Image 2: The Excitement of Public Political Campaigns
Detail from Robert Dighton’s depiction of Londoners at the pollsin the Westminster constituency (1788):showing a lively cross-class crowd of electors and onlookers,including an elegant young upper-class gentleman (R)and a plain but not poor citizen (Centre) who is being deftly pick-pocketed –
plus others carrying banners, a woman selling election literature, and a crying child.
Not all were thinking deeply about how to cast their votes
but the hubbub spread the public awareness that ‘the people’ had an electoral role to play. indication of popular participation in politics

This era accordingly saw the advent of systematic electoral campaigning; with organised nation-wide parties (subject to change and flux, as happens today), with rival political slogans and manifestoes; with rival speeches at the hustings; with support from rival newspapers; with teams of canvassers; with ward organisers; with celebrity endorsements; with election songs;  down to the details of rival party colours, sported not only by candidates and canvassers but also by the partisan crowds who gathered to witness the excitements during close contests. Elections thus triggered wider political debates and a sense of civic awareness. The fun of mock elections in part parodied these processes, whilst simultaneously testifying to a popular awareness of their role.

A third consequence, finally, was to establish the expectation that political disputes be settled by constitutional means, rather than by fighting.

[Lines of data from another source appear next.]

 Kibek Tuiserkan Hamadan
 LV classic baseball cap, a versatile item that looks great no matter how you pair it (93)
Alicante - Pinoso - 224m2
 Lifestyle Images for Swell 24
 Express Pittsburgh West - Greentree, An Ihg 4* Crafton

True, there were many riots and some rebellions in eighteenth-century Britain.9 Yet a counter-vailing constitutionalist tradition was becoming strongly entrenched. Parliament in this era was establishing its core rules and procedures; and its institutional prestige was rising. Equally, too, the electoral system, which voted MPs into office, was gaining in status. Thus election results, after contests in many big constituencies, were often taken to represent ‘public opinion’.10

Incidentally, it’s worth noting that elections were not organised from the centre, by royal courtiers or ministers; but locally, by county and municipal officials. They called the contests; and acted as returning officers. And, if the outcome of a parliamentary election was disputed, the case was referred for adjudication not to royal officials but to Parliament. Voters were thus outriders for the prestige of the legislative body. Hence the growing number of reformers, who, from the 1770s onwards, campaigned to widen the franchise, did so not to undercut the powers of Parliament but to improve them – by improving its electoral base.

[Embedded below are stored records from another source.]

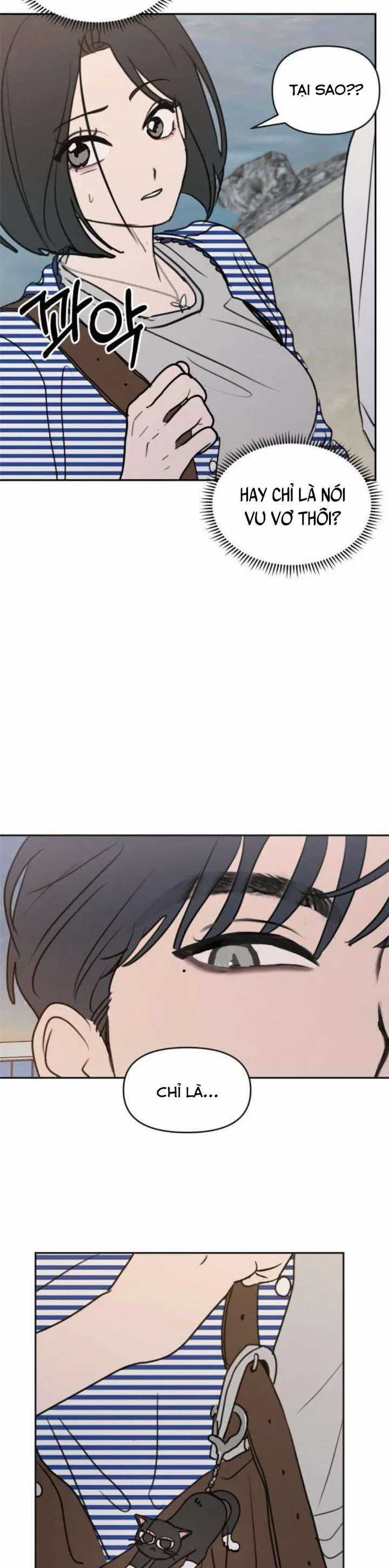 Muốn Được Lừa Dối - Chương 23 - Trang 38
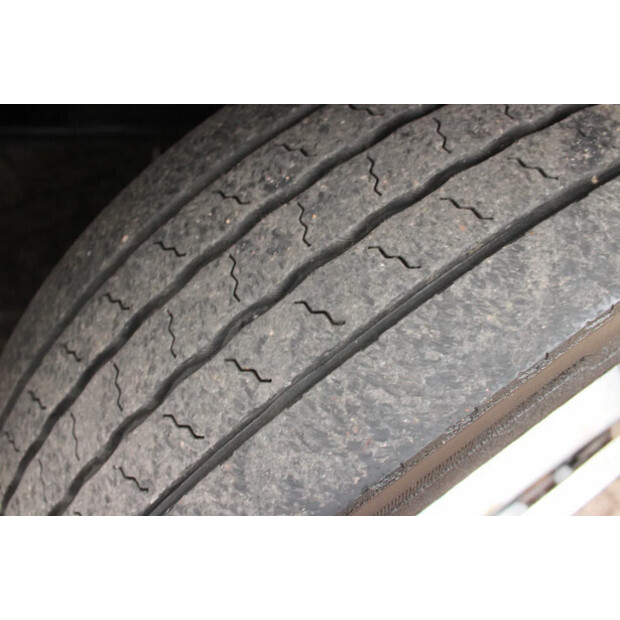 2011 Mercedes-Benz ATEGO 1222-41507439
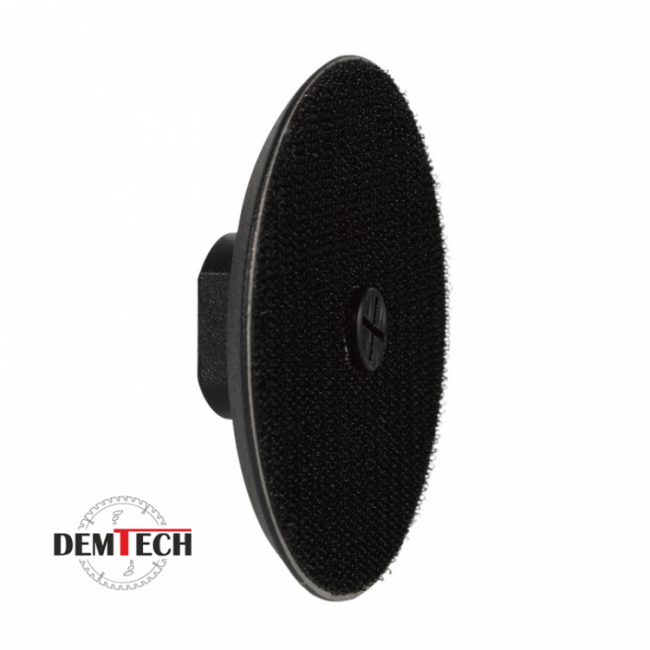 DISTAR TALERZ Z RZEPEM DO PADÓW 100 MM 89568442042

In effect, therefore, political reformers from the 1770s onwards were trying to redirect an existing constitutionalist tradition into a democratic direction. And they cited the eighteenth-century’s experience to reassure the doubters. It was true that popular passions at times overran good order. There were numerous election affrays; and a few significant election riots. Yet those were very much the exception. Many elections were quiet and routine – and some were not contested at all, producing a result without any political heat or disputation.

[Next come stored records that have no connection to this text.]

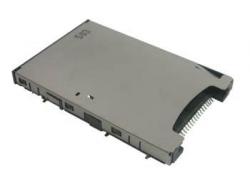 Speicherkartenhalter SCDE1C0102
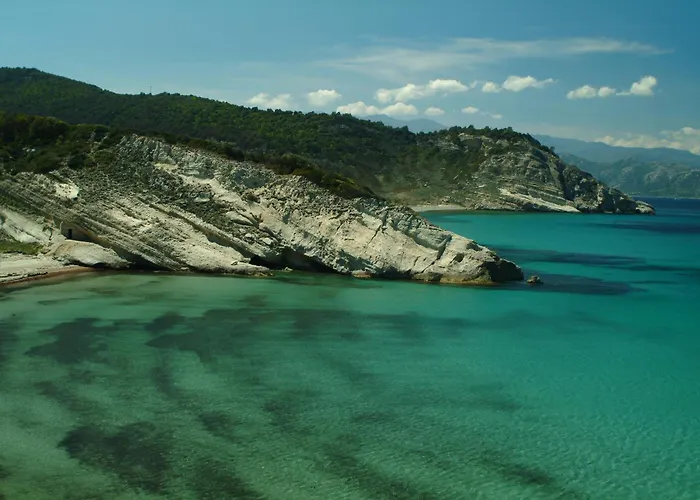 Casa-albina-corsica Holiday home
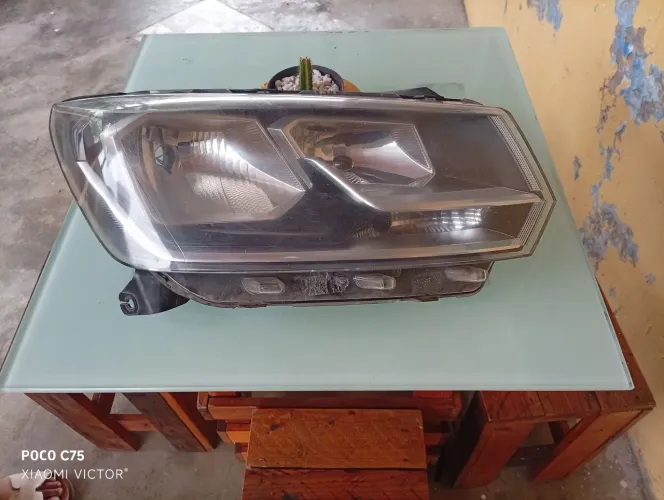 Par de farol Voyage 2020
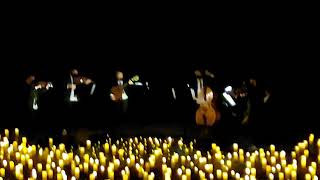 Candlelight o melhor do rock a luz de velas [upl. by Ajroj260]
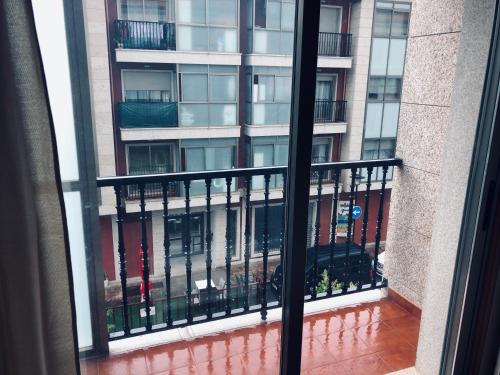 Hotel Cristaleiro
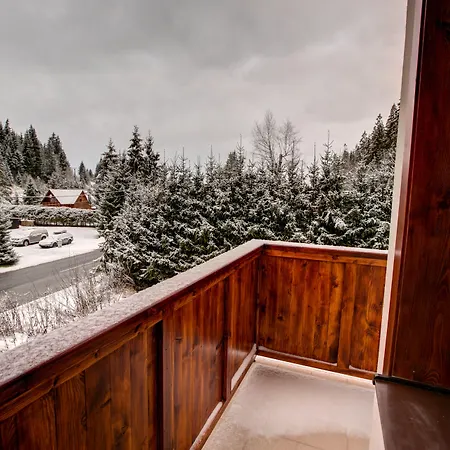 Apartman Tri Studničky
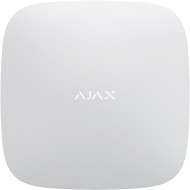 Централь системи AJAX Hub 2 (4G) White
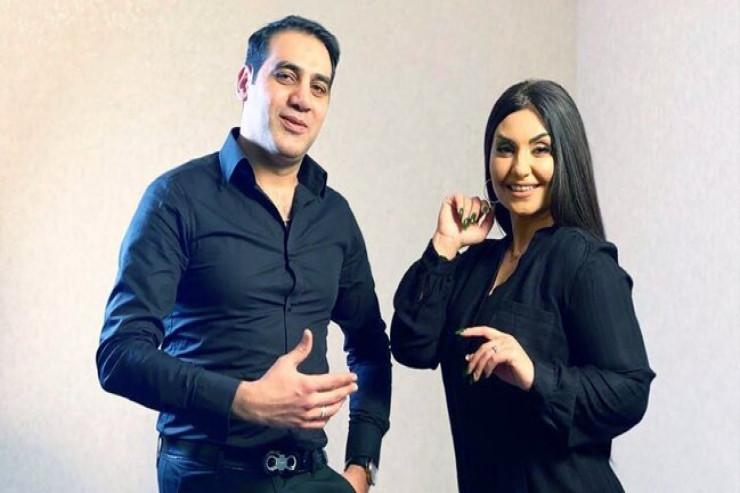 Meyxanaçı Şəbnəmdən giley edib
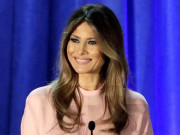 ملانیا ٹرمپ سے مشابہت رکھنے والی اسرائیلی ماڈل نے 24 ہزار ڈالر کما لیے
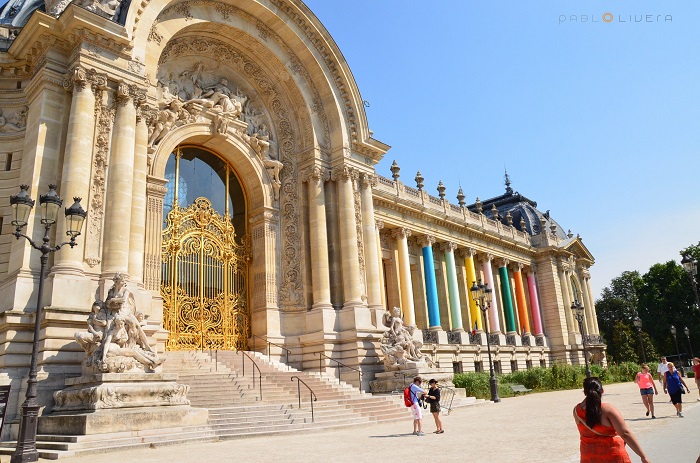 du lịch paris pháp: 8 hoạt động giải trí cực vui tốn chưa đến 300 nghìn đồng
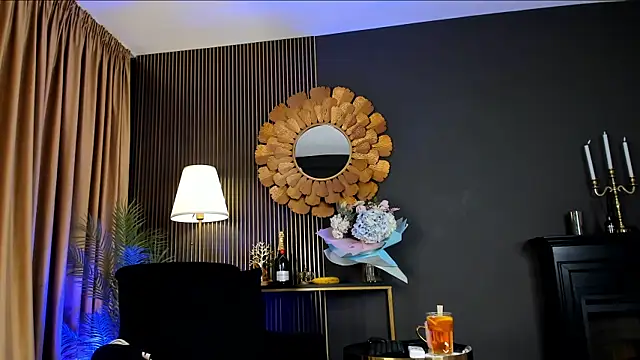 LovingBlondie webcam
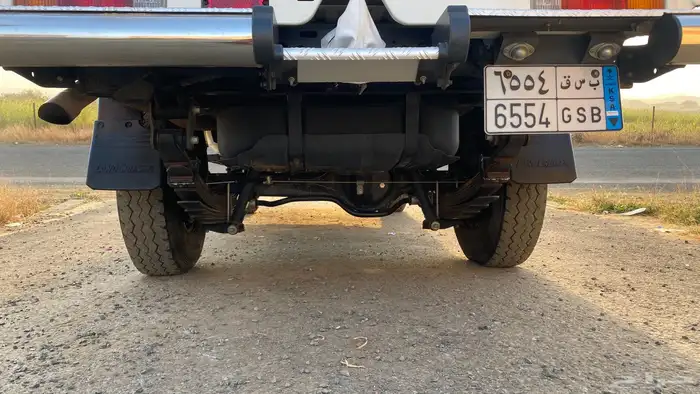 شاص 2021 فل كامل ونش دفلوك 6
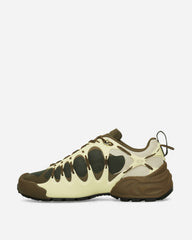 Ibex Sneakers Endive / Olive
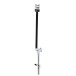 Premier Artist 2pc Octobans High-Pitch, Black
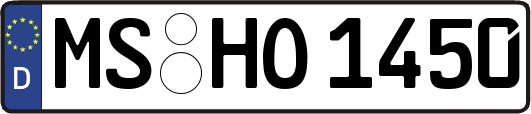 MS-HO1450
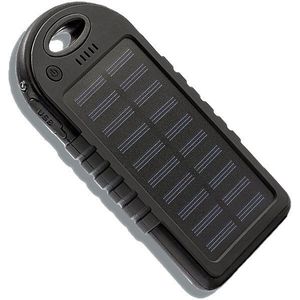 Solar Charger 10000 Mah Portable Solar Power Bank Oplader Voor Iphone 6 6 S 7 Ipad Air Samsung Huawei Xiaomi mobiele Telefoon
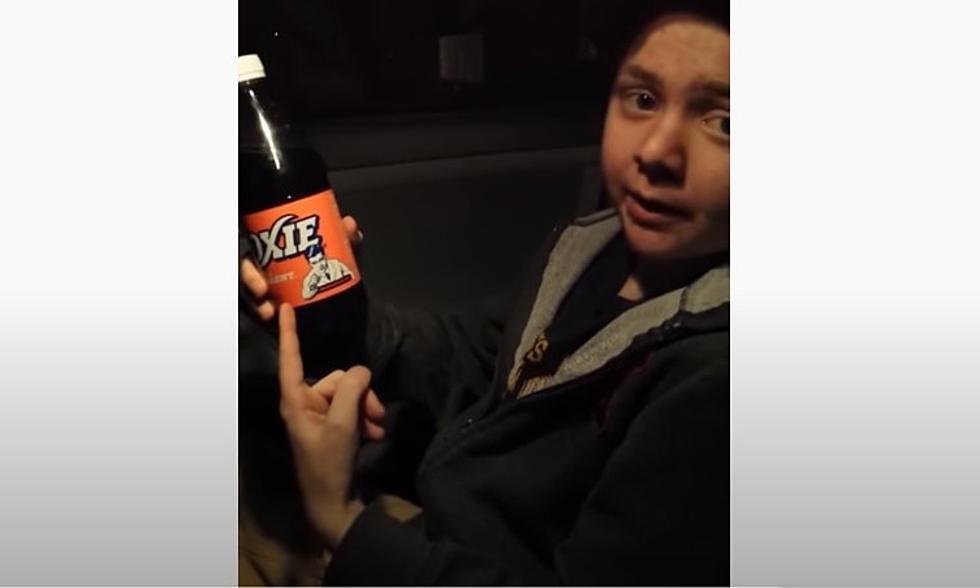 WATCH: We Can Still Celebrate Moxie With Maine’s ‘Little Peters’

Indeed, that routine functioning marked instead the triumph of constitutionalism. It could encompass concord and it certainly did not depend upon violence and bloodshed. Instead, political reformers stressed that those outside the political elite were capable of taking a sustained and constructive political role. Thus the Whig peer (and historian) Lord Macaulay in December 1831 supported reform, in a famous set of speeches, by stressing the responsible behaviour of the London electors. No extremists there. Instead, the London seats had over many years become ‘famed for the meritorious quality of their MPs and their constituents’ readiness to support that merit’.11

Image 3: A Serious Politician Sustained by his Westminster Electorate  
Charles James Fox (1749-1806) was the controversial Whig reformer who made his name as unofficial Leader of the Opposition to the conservative-minded government of William Pitt.
Fox is satirised here as an overweight, unkempt Demosthenes (the classical Greek orator)
but the image also caught the power of Fox’s oratory as a ‘man of the people’
which won him vital constitutional support from the Westminster electorate.

Full democracy was not a mainstream possibility in eighteenth-century Britain. The national political tradition was one of oligarchic constitutionalism, with before 1832 a highly unsystematic constitution to boot.

Yet, within that lack of system, there was scope for significant new developments. The rules and practices of routine electoral politics were being collectively constructed. Elections were becoming normalised. And the power to vote was accepted as a ‘right’ of every qualified elector. In fact, in the large open constituencies, many comparatively poor electors would not have qualified for the vote under the new middle-class rate-paying franchise introduced in 1832. But, significantly, the reform legislation did not disenfranchise any of those existing electors. They kept their ‘right’ to vote throughout their lifetimes.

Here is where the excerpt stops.